As the year comes to a close, we took a moment to reflect on the key trends we saw in the green building market in 2023.
The construction and real estate sector continued to navigate a difficult market this year, with widespread inflation and interest rates, a continued increase in energy costs as well as political uncertainty at global level leading to unstable markets across many regions. As we look to 2024, however, the construction industry is set to recover from the economic slowdown and structural changes, bringing in new opportunities for all of us in the sector.
Lets take a look at some of the key trends we saw this year in the construction and green building industries.
Green spending grows globally
Global sustainable finance product issuance totalled $717bn in the first half of 2023, with predictions that it will exceed 2022’s total volume by the end of the year. The World Bank Group delivered a record $38.6 billion in climate finance in fiscal year 2023 supporting efforts to end poverty on a liveable planet. Whilst this is a promising start, there is still much to do within the sector with many countries not meeting their targets leading to a greater gap between developing and richer countries.
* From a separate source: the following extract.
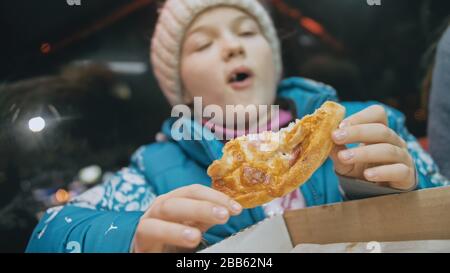 Bambino mangiare pizza formaggio quattro. Primo piano di ragazza giovane donna mangiare pizza e masticare in ristorante all'aperto. Bambini mani prendere pezzo pizza. Foto Stock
Embodied carbon comes under scrutiny
Embodied carbon came under the heat with a report that more than half of construction professionals don’t measure embodied carbon. In the UK, a report disclosed that embodied carbon emissions in the UK built environment have not reduced at the pace required to reach net zero and they will have to reduce embodied carbon emissions by 17% in order to reach their targets. In parallel to this, the EDGE Green Building Standard has now moved away from embodied energy as an indicator on the EDGE Materials category to embodied carbon as the numeric indicator. Embodied carbon will be expressed as kgCO2e/m2 (of useful internal floor area). This change will help EDGE projects to disclose relevant indicators to taxonomies or other international standards and frameworks.
The ‘new normal’ across the energy market
2022 saw an energy crisis globally as the conflict between Russia and Ukraine led to instability across the global energy market and sent prices soaring. Whilst 2023 saw natural gas and electricity prices ease, globally the energy market faces a ‘new normal’ as instability and volatile price increases continued as the conflict persisted. This has motivated many countries to increasingly turn to renewables such as solar and wind to reduce reliance on imported fossil fuels. A new report finds that renewables are set to account for over 90% of global electricity expansion over the next five years, overtaking coal to become the largest source of global electricity by early 2025.
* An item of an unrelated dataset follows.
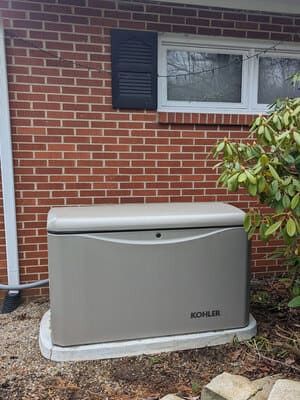 White KOHLER generator beside a brick house under a window with black shutters.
The push for decarbonisation continues
Whilst COP28 came under scrutiny with reports of fossil fuel negotiations behind closed doors, there was still a strong focus on decarbonising the built environment. The Governments of France and Morocco, together with the UN Environment Programme (UNEP), launched the Buildings Breakthrough, which will see countries joining forces to accelerate the transformation of the sector. The new initiative aims to strengthen international collaboration to decarbonize the building sector and make clean technologies and sustainable solutions the most affordable, accessible and attractive option in all regions by 2030.
As we look to the year ahead, at Sintali, we are confident that by working together we can continue to transform the built environment and make sure every building on this planet is green. The challenge ahead of us is immense, but together, with good will and commitment for change, we know we can achieve high impact.
We wish you all happy holidays and look forward to a fruitful year ahead!